* [Record extracts]

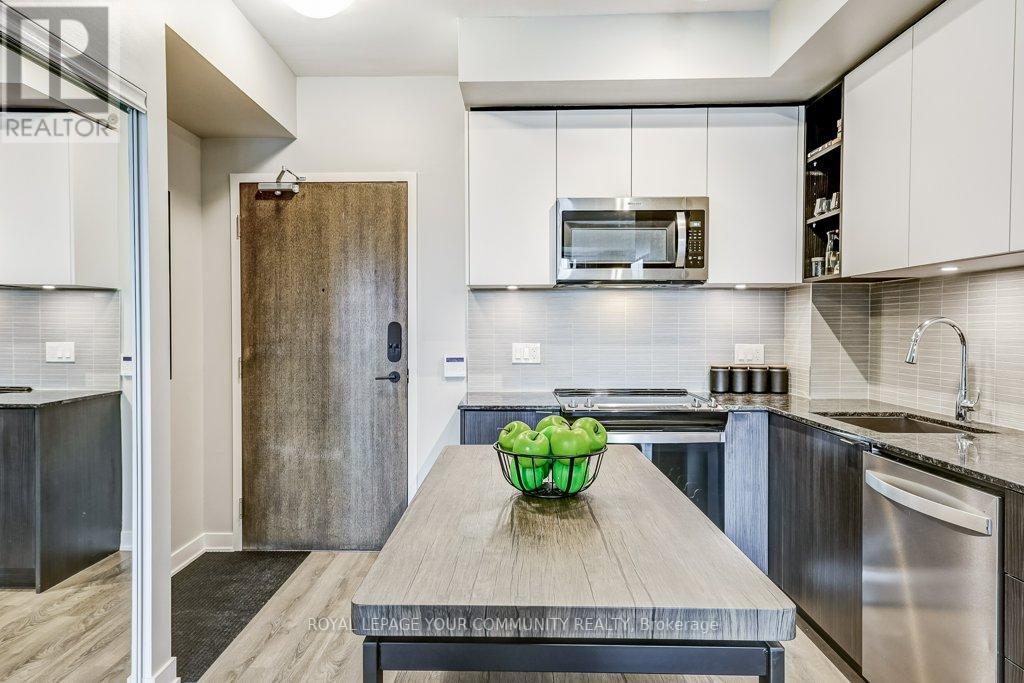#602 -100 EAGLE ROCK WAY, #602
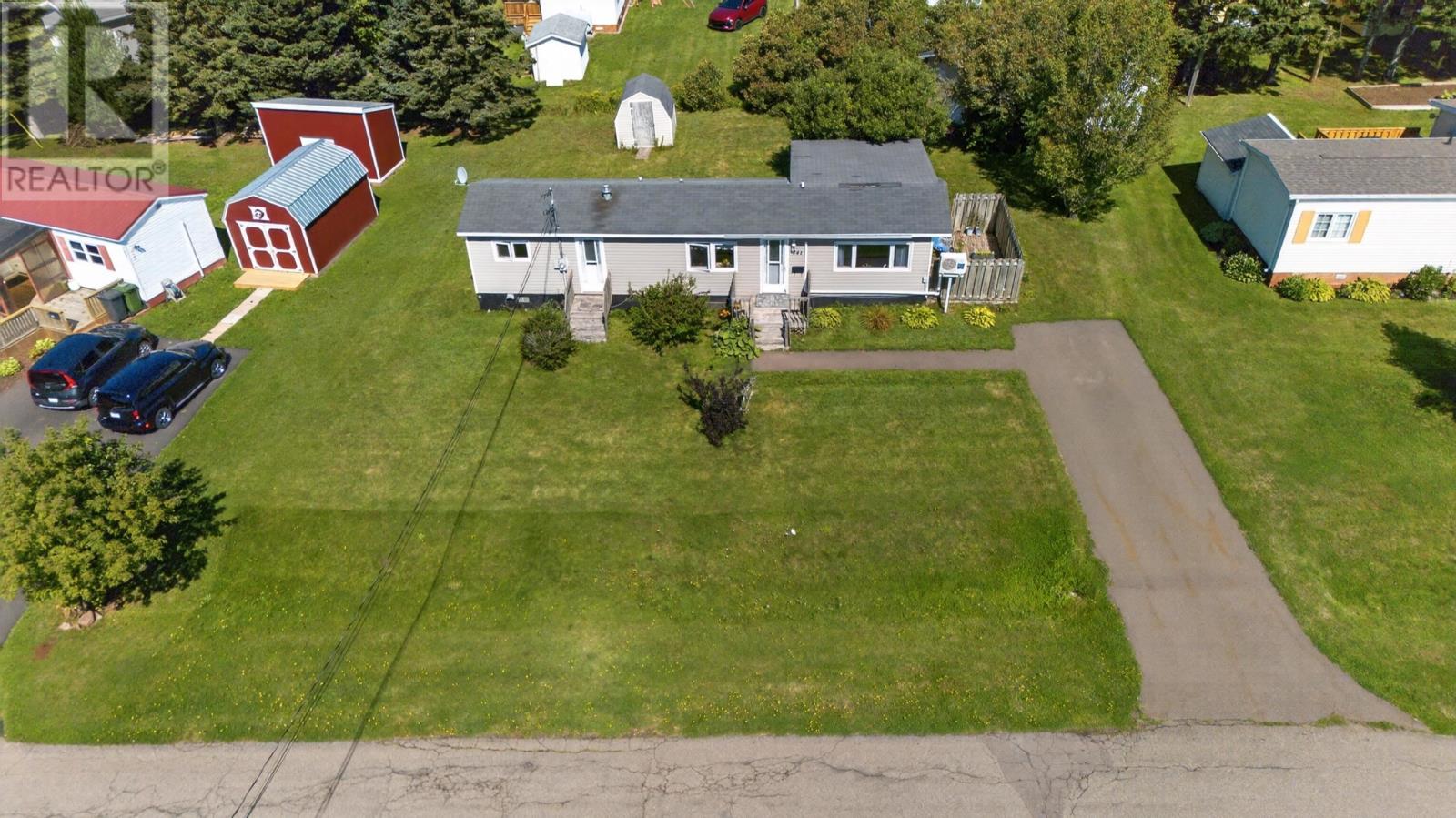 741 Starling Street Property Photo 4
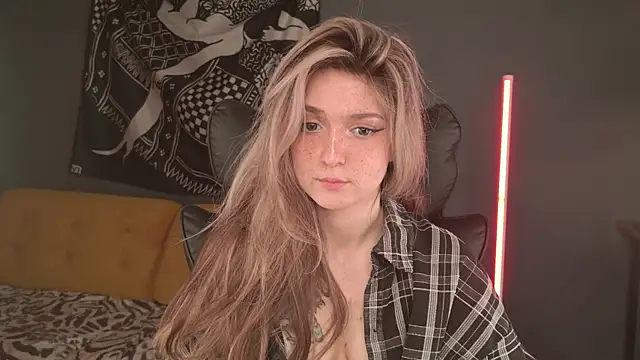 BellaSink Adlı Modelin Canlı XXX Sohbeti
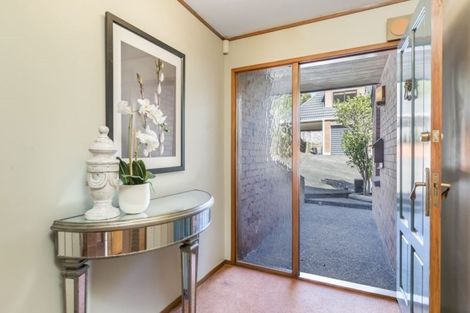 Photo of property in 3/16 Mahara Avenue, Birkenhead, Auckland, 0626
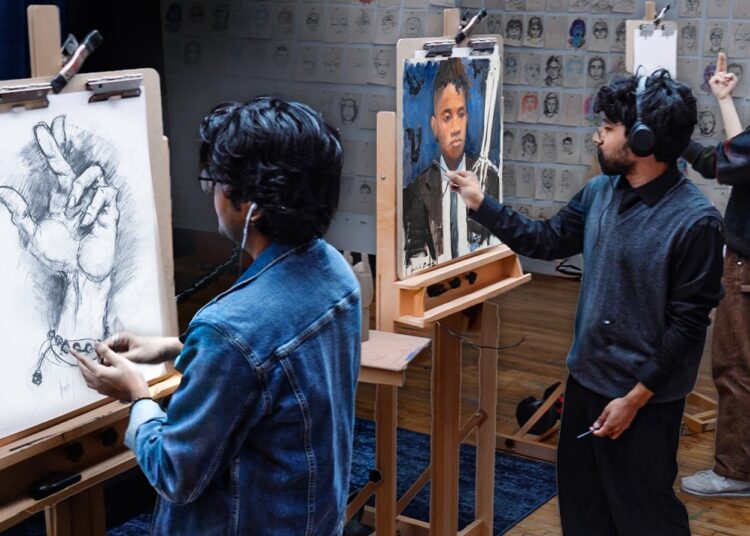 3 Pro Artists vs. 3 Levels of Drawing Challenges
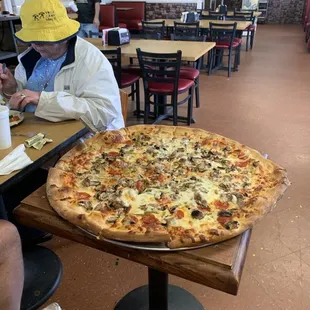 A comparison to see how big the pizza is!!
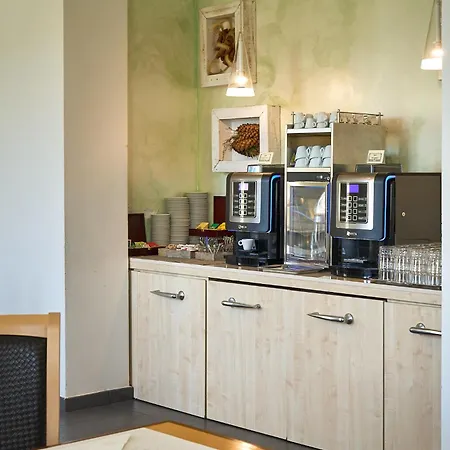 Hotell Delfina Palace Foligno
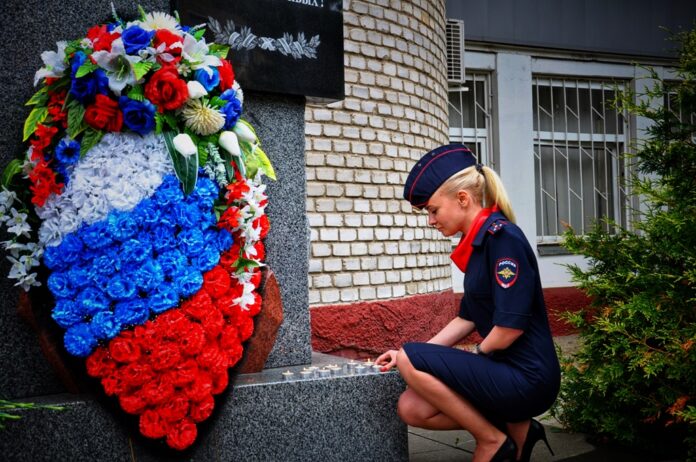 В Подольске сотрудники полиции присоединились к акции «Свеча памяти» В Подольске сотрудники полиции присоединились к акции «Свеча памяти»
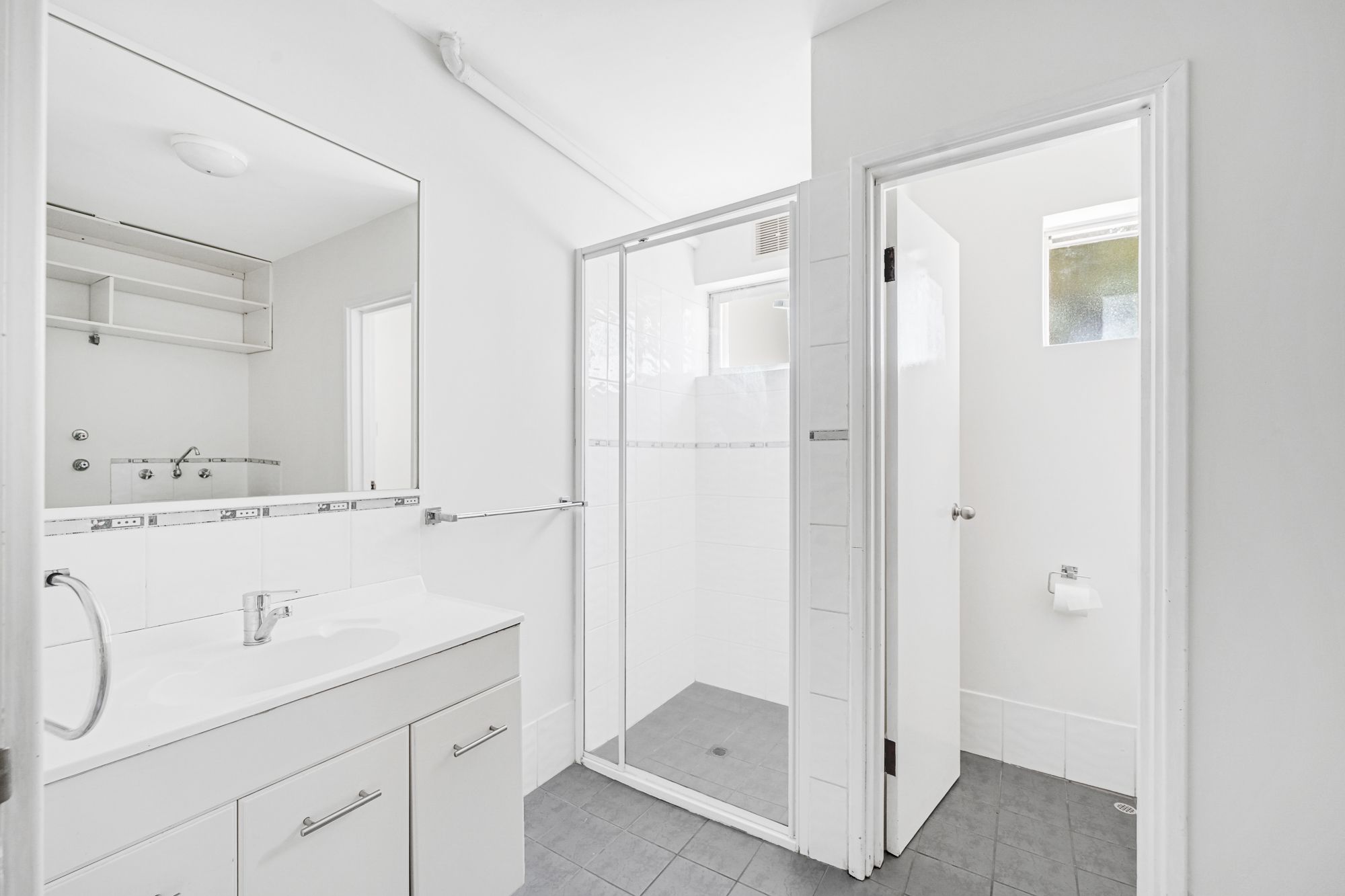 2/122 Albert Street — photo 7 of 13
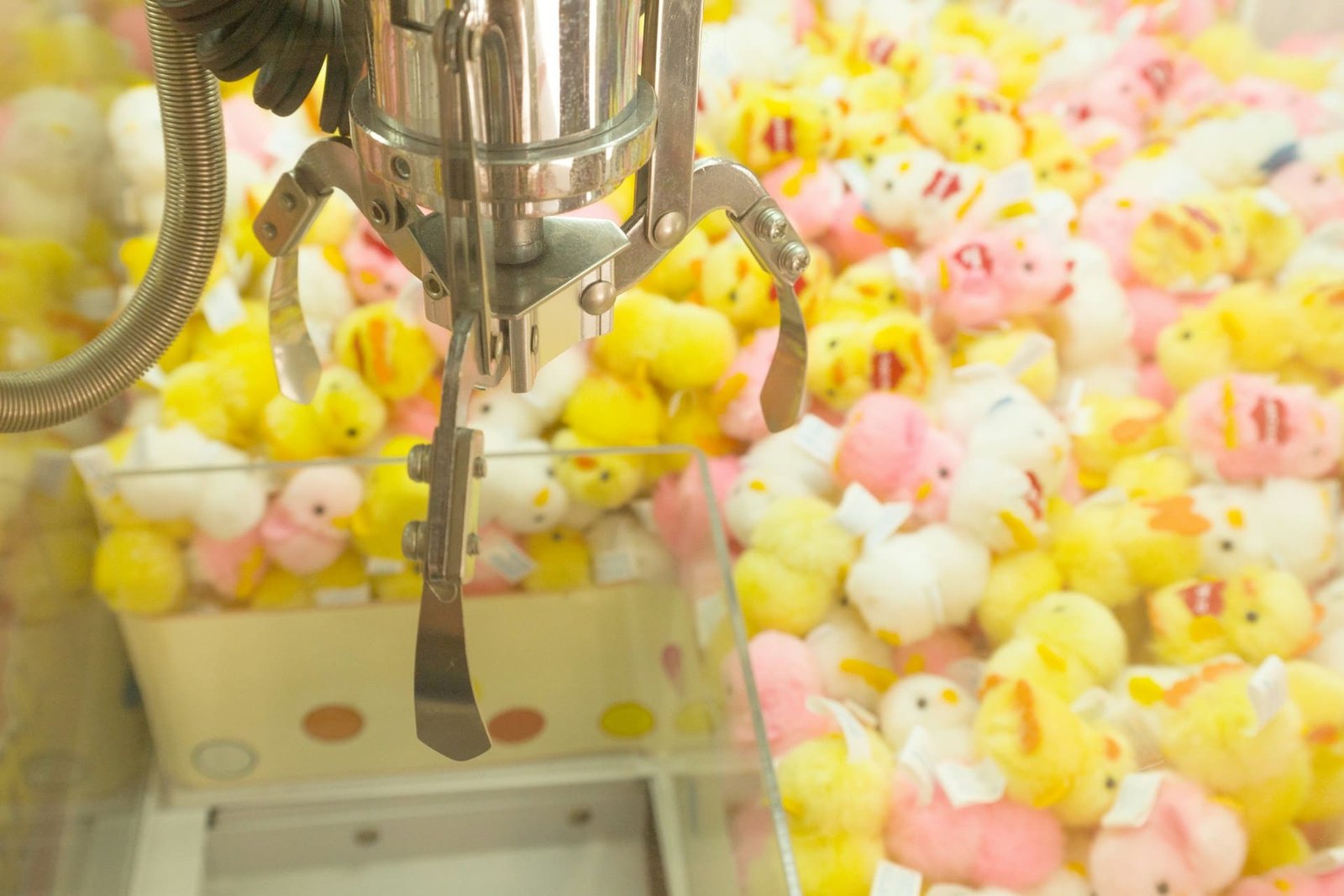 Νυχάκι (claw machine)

* [Goal of the exercise] Pictures aside, repeat every line of the data above exactly.

* [Task answer]
#602 -100 EAGLE ROCK WAY, #602
 741 Starling Street Property Photo 4
 BellaSink Adlı Modelin Canlı XXX Sohbeti
 Photo of property in 3/16 Mahara Avenue, Birkenhead, Auckland, 0626
 3 Pro Artists vs. 3 Levels of Drawing Challenges
 A comparison to see how big the pizza is!!
 Hotell Delfina Palace Foligno
 В Подольске сотрудники полиции присоединились к акции «Свеча памяти» В Подольске сотрудники полиции присоединились к акции «Свеча памяти»
 2/122 Albert Street — photo 7 of 13
 Νυχάκι (claw machine)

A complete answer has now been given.